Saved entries
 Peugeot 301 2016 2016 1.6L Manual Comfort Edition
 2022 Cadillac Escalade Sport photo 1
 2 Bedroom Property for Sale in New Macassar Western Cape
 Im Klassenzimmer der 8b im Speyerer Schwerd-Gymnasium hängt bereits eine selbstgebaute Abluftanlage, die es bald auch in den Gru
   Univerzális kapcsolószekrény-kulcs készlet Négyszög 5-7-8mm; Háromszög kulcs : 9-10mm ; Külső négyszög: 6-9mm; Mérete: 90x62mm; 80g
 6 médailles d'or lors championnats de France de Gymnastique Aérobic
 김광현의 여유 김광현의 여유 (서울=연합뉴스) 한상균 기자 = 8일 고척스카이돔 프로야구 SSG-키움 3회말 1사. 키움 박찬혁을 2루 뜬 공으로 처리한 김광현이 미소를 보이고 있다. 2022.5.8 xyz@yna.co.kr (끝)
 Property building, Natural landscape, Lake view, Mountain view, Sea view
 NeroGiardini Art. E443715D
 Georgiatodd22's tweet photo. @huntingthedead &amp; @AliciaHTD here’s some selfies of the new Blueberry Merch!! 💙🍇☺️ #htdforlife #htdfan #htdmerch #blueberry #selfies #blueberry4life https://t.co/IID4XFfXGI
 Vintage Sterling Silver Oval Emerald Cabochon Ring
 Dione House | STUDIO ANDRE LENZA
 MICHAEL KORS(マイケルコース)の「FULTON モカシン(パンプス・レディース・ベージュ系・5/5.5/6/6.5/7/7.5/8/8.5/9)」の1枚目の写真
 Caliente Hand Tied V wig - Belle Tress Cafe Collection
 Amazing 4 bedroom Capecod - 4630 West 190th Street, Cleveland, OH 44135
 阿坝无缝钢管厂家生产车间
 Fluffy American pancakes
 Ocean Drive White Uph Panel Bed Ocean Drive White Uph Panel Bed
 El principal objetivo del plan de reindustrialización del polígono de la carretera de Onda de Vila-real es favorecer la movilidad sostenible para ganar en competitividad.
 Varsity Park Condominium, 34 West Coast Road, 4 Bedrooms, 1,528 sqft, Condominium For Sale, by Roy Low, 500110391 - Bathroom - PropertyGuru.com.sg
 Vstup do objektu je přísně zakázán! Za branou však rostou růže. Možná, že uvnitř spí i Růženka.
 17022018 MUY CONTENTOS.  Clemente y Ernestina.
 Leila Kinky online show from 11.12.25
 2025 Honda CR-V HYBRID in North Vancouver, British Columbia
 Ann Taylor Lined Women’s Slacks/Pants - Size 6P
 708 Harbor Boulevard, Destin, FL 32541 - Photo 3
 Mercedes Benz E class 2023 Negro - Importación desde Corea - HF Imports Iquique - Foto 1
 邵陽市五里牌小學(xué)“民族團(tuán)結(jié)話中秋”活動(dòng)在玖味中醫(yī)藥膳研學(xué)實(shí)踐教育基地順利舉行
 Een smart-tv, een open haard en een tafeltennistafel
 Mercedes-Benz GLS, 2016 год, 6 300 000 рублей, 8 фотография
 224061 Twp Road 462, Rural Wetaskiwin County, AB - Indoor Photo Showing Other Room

Task: Find the word "Mercedes" in the data and copy out each line where it turns up.

Solution for this problem:
 Mercedes Benz E class 2023 Negro - Importación desde Corea - HF Imports Iquique - Foto 1
 Mercedes-Benz GLS, 2016 год, 6 300 000 рублей, 8 фотография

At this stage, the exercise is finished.